Universities’ share of total U.S. R&D performance grew from 7.4 percent in 1960 to nearly 16 percent in 1995, and universities accounted for more than 61 percent of the basic research performed within the United States in 1995. By that year too, federal funds accounted for 60 percent of total university research, and industry’s contribution had tripled to 7 percent of university research. The increased importance of industry in funding university research is reflected in the formation during the 1980s of more than 500 research institutes at U.S. universities seeking support for rserach on issues of direct interest to industry. Nearly 45 percent of these institutes involve up to five companies as members, and more than 46 percent of them receive government support.
The Bayh-Dole Act of 1980 permitted federally funded researchers to file for patents on their results and license those patents to other parties. The act triggered considerable growth in university patent licensing and technology transfer offices. The number of universities with such offices reportedly increased from 25 in 1980 to 200 in 1990, and licensing revenues increased from $183 million to $318 million between 1991 and 1994 alone. During the 1980s, U.S. universities nearly doubled their ratio of patents to R&D spending, from 57 patents per billion in constant dollars spent on R&D in 1975 to 96 per billion in 1990, even though U.S. patenting by universities declined steeply overall, from 780 per billion dollars of R&D in 1975 to 429 in 1990.
Another shift in the structure of innovation was the increased presence of non-U.S. companies in the domestic R&D system. Investment by U.S. companies in offshore R&D (measured as a share of total industry-financed R&D spending) grew modestly during 1980-95, from 10.4 percent in 1980 to 12 percent in 1995. But the share of industrial R&D performed within the United States and financed from foreign sources grew substantially, from 3.4 percent in 1980 to more than 11 percent in 1995.
Despite this growth, as of 1994 foreign sources financed a smaller share of U.S. industrial R&D than they did in Canada, the United Kingdom, or France. Increased foreign financing of U.S. R&D is reflected in a modest increase in the share of U.S. patents granted to foreign inventors, from 41.4 percent in 1982 to 44.9 percent in 1995. Foreign companies also formed joint research ventures with U.S. companies; this international cooperation accounted for nearly a third of research joint ventures between 1985 and 1994.
Finally, foreign companies doing R&D in the United States collaborated with U.S. universities. More than 50 percent of the Japanese R&D laboratories in the United States, more than 80 percent of the U.S.-sited French R&D laboratories, and almost 75 percent of German corporate R&D laboratories in the United States had collaborative agreements with universities.
Policy issues and implications
The restructured innovation process that has contributed to the resurgence of many U.S. industries emphasizes rapid development and deployment of technologies but places decreasing weight on the long-term scientific understanding that underpins future technologies. This shift has produced high private returns, but its long-term consequences are uncertain.
The changing structure of innovation also highlights the difficulty of collecting and analyzing data that enable managers and policymakers to assess innovative performance or structural change. As I noted earlier, many of the activities contributing to innovation are not captured by conventional definitions of R&D. They include investments in human resources and training, the hiring of consultants or specialized providers of technology-intensive services, and the reorganization of business processes.
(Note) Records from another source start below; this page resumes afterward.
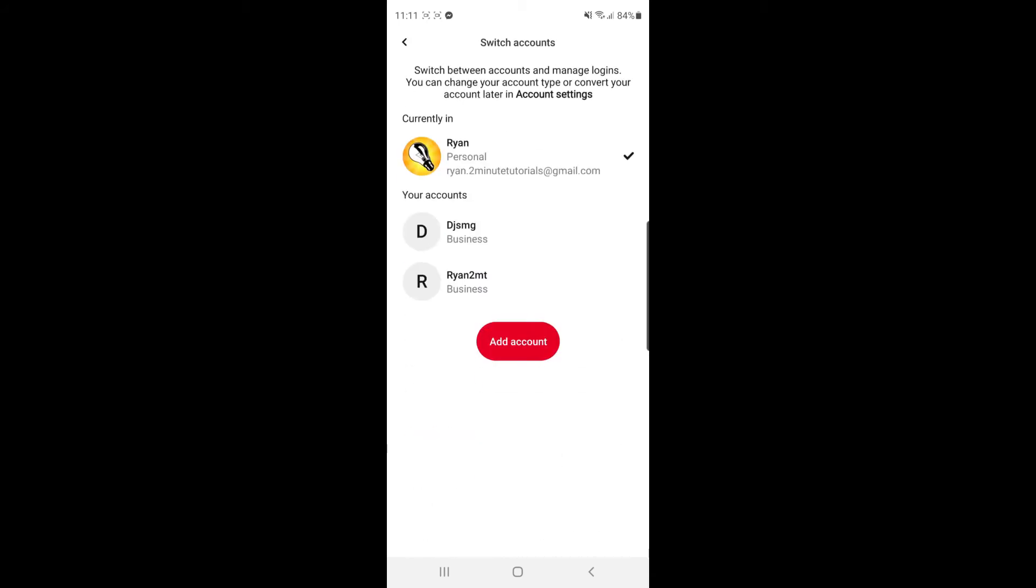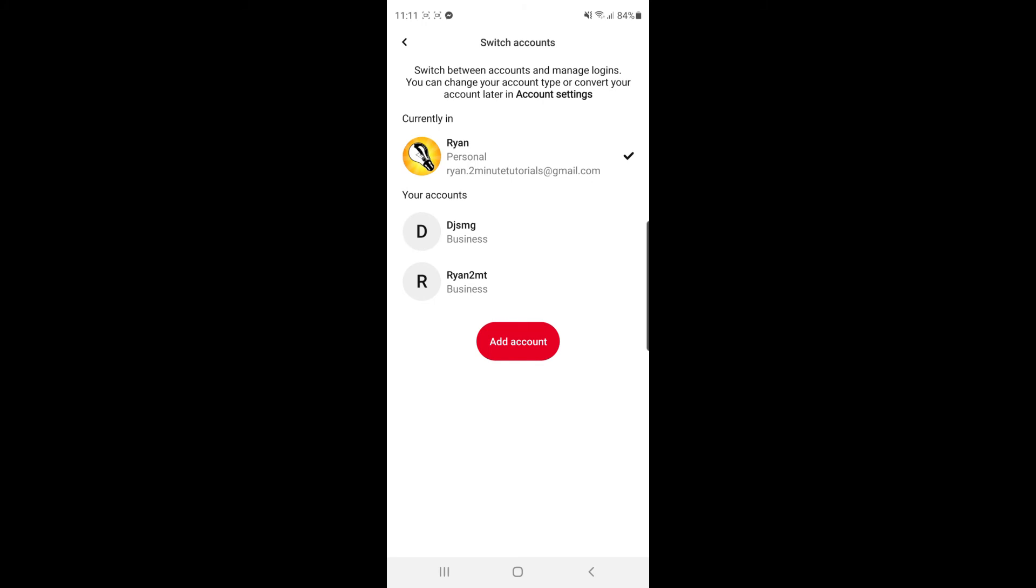Once you click on that it will show you all of the available accounts that you can switch to. So I have two business accounts here, so what I could do is click on this one.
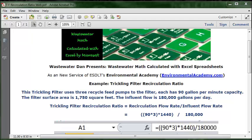In calculating the recirculation ratio, this trickling filter uses three recycle feed pumps. Each recycle feed pump has a 90 gallon per minute pump capacity. The surface area of this trickling filter is 1,750 square feet (FT²). The influent flow is 180,000 gallons per day.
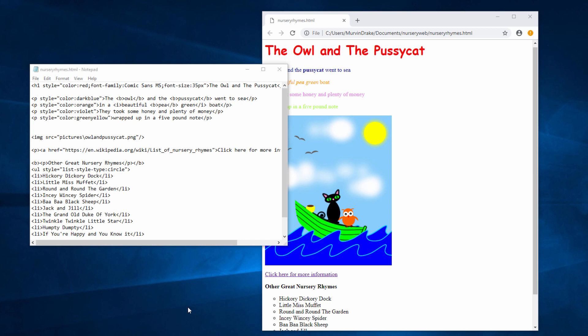In the previous video, you saw how you could use the style attribute to change the appearance of the text on your web page. We could apply the style attribute to individual elements, for example each paragraph, to change the colour, the font, the font size. This method was known as inline styles.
All of these activities have contributed to the innovative performance of the industries examined in the STEP study.
The STEP study focused primarily on industry-level changes in competitive performance, rather than public policy issues. But the study raises a number of issues for public policy. They include 1) the ability of public statistical data to accurately measure the structure and performance of the innovation process; 2) the level and sources of investment in long-term R&D; 3) the role of federal regulatory, technology, trade, and broader economic policies in these industries’ changing performance; 4) the importance and contributions of sector-specific technology policies to industry performance; and 5) worker adjustment issues posed by structural and technological change.
Data currently published by NSF provide little information on changes in industrial innovation. R&D investment data, for example, do not shed much light on the importance or content of the activities and investments essential to intersectoral flow and adoption of information technology-based innovations. Indeed, all public economic data do a poor job of tracking technology adoption throughout the U.S. economy. Moreover, in many nonmanufacturing industries that are essential to the development and diffusion of information technology, R&D investment is difficult to distinguish from operating, marketing, or materials expenses. For example, these data do not consistently capture the R&D inputs provided by specialized companies to supposedly low-technology industries such as trucking and food retailing. Without substantial change in the content and coverage of data collection, our portrait of innovative activity in the U.S. economy is likely to become less and less accurate.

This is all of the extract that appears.